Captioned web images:
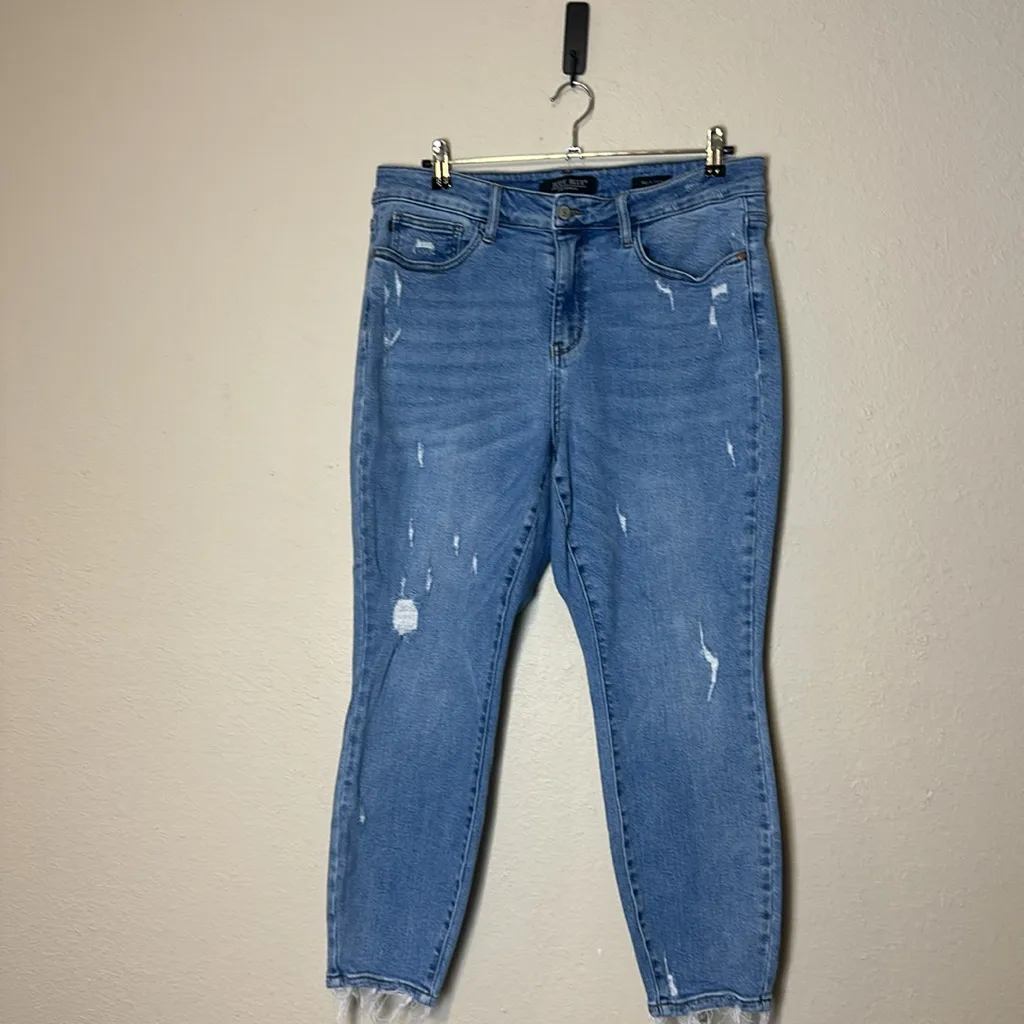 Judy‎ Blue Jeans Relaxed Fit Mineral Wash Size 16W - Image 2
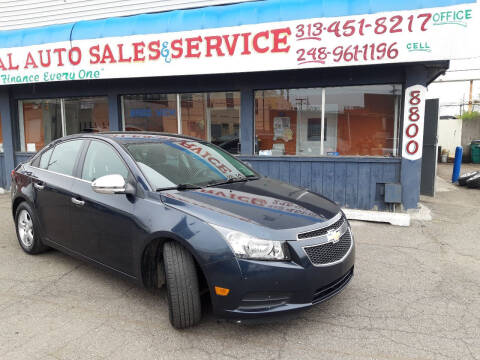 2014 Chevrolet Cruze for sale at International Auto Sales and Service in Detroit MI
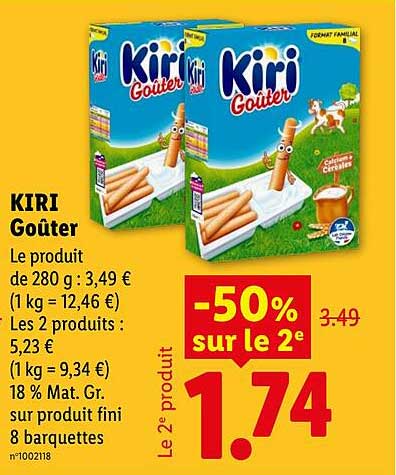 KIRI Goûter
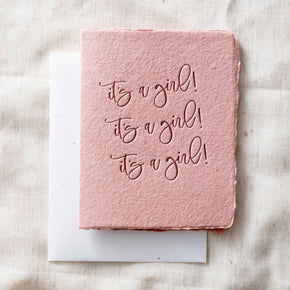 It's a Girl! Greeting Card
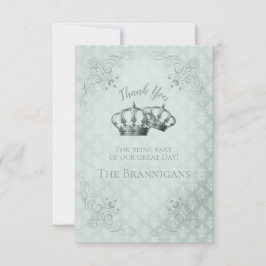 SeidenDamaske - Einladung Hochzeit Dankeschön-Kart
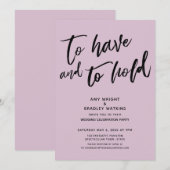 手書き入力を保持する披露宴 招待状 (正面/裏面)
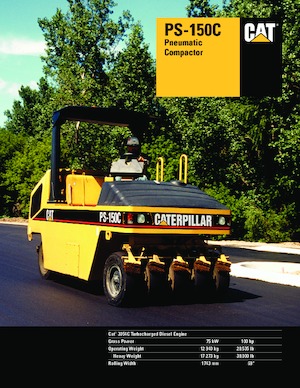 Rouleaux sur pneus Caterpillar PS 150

How to complete this task:
Every line from the one with "KIRI Goûter" through the last line of the data must be copied exactly. Leave the pictures out.

Your response:
 KIRI Goûter
 It's a Girl! Greeting Card
 SeidenDamaske - Einladung Hochzeit Dankeschön-Kart
 手書き入力を保持する披露宴 招待状 (正面/裏面)
 Rouleaux sur pneus Caterpillar PS 150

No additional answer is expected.